These examples suffice to illustrate that IR scholars are well aware of the fact that their key concepts operate in both academic and socio-political discourse. In the terminology used in this article, they work with what Koselleck calls ‘basic concepts’ [Grundbegriffe]. For Koselleck, a concept is basic if it plays a central role in our socio-political language, and so if we consider it a concept ‘we cannot do without’. In his words, ‘basic concepts combine manifold experiences and expectations in such a way that they become indispensable to any formulation of the most urgent issues of a given time’. 24 This quote points to two interrelated core features of basic concepts. First, they grasp, or refer to, fundamental features of a socio-political system. More specifically, they are leading terms [Leitbegriffe] of our vocabulary trying to categorise and grasp (links between) fundamental structures, processes, and events; they are keywords [Schlüsselwörter] and slogans [Schlagwörter] used by major social, economic, and political organisations and movements, and scholarly attempts to describe them; and they are core terms found in major theories and ideologies. 25 As such, basic concepts do not merely exist as specialised terms within academic circles but permeate public/popular discourse. They are, as Foucault would put it, ‘fundamental codes of a culture’. 26 Their ability to guide thought and action is due to, second, their temporal structure containing a stock of experiences and an aspirational outlook. That is, Koselleck argues, the ability of a basic concept to grasp key features of social relations is tied to the ‘experiential content’ (Erfahrungehalt) it has accumulated and to the ‘innovative expectations’ it raises. This feature of concepts as both backward and forward-looking conveys not only that concepts have a temporal dimension but also that they may allude to movement and contain a promise of progress, which hints at their normative content. 27
I contend that most, if not all prominent concepts used by IR theorists fall into the category of basic concepts. 28 Some research projects capitalise on this, yet for many theorists the link between academic and socio-political discourse is uncomfortable as it is not clear how to deal with the connection and its possibly circular dynamic. The easy way out is to either ignore the link or conflate the two discourses, for instance by equating theory with ideology. Yet leaving those two (quite popular) moves aside, thinking about the connection is challenging also because it reveals the complexity and openness of a concept. After all, to say that a concept is basic does not imply consensus on its meaning, if anything the opposite is the case. Basic concepts tend to be contested precisely because they are basic and open to interpretation, which prompts different actors to try to claim a monopoly on its meaning. 29 With contestation occurring on the theoretical as well as the socio-political level, the challenging scope of the task becomes apparent.

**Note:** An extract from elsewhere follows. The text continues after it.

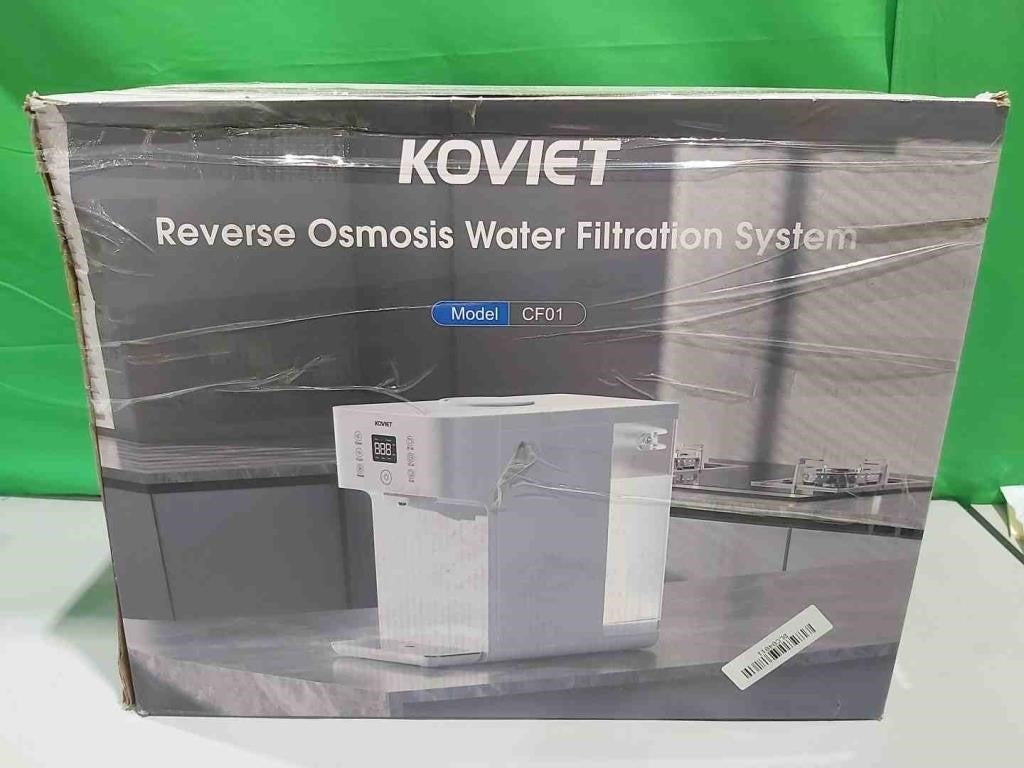 Koviet Reverse Osmosis Countertop Water Filte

Grounded in a commitment to reflexivity, ontological theorising cannot get around addressing a concept’s ‘basicness’. More precisely, concept analysis – the first leg of ontological theorising – as a systematic study of the formation and performance of core concepts involves exploring the overlap between academic and socio-political discourse, as well as strategies for dealing with it. Before outlining different avenues along which this may take place, it is necessary to take a closer look at the configuration through which a concept’s meaning is created by reading it as a cluster and embedded in context(s).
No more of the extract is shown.